I often feel like I’m fighting the corner for Hand Tools and yet within my day to day work I have a number of machines that I have to rely upon. The machines are there because the work I do is big and the amount of timber I process is large – hand preparing every board for every workbench would be impractical. When I talk about having a passion for hand tool woodworking it doesn’t mean that I want to abolish machinery altogether, I really do appreciate them. But I know if my job was solely to build furniture then I would be more than happy to live without them.
I have a confession; I’ve always been a hand tool chap since I was very little watching my Granddad work but there was a time when I loved to watch Norm on the TV. As far as influences go I think Norm must have had a huge impact at getting many people interested in woodwork which is brilliant. But the trouble was I was still learning and felt that if I could have a set up like Norm’s then everything would go like clockwork. I desired for machines for a while and spent most of that time feeling deflated that I had no money to even scratch the surface and I certainly didn’t have enough space. It wasn’t until I struggled on without the ‘perfect’ set up that something clicked, I didn’t enjoy the noise or dust created by the cheap machines that I’d acquired and most of my time was being spent either setting up a machine or scratching my head trying to work out what had broken now. By contrast every bit of work I did by hand brought satisfaction, a sense of achievement. My love of woodwork was rekindled and very quickly I was stripping things right back to basics, studying age old techniques and creating my own through trial and error.

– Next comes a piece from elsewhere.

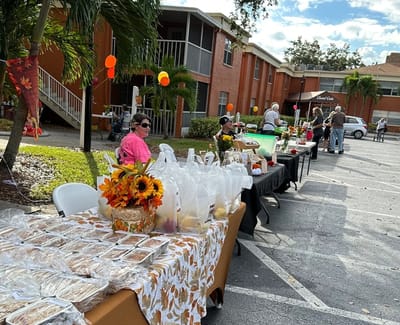 Residents enjoying an outdoor food event with tables and decorations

I’ve been a hand tool fanatic ever since but would never dispute that machines are necessary. A great majority of woodworkers are keen hobbyists rather than professional and in the UK especially this means space can be tight. With any hobby we do it for enjoyment, it may be for relaxation or an ambition to keep learning but one thing we don’t need is unnecessary frustration.
With a small garage you may have the space for a couple of small machines and I feel the right ones can make good companions to the hand tool woodworker. I know I’d stick to being hand tool only but a small bandsaw and planer-thicknesser would cut out a lot of the graft and repetition. The bandsaw comes in to quickly makes rips and is useful for awkward curves and the planer is obvious. When time is scarce and you have a big project on the go you may have more fun if you can move on to the more varied activities. I’d definitely encourage practicing your hand techniques on small projects but on something large like a wardrobe then you might want to hog the crap away!
I tend to see machines as roughing tools within the hand tool workshop so they’re there to get rid of the bulk of waste. To use machines for finer work and joinery takes a different approach so I would rarely see any need for something like a table saw with the way that I like to work.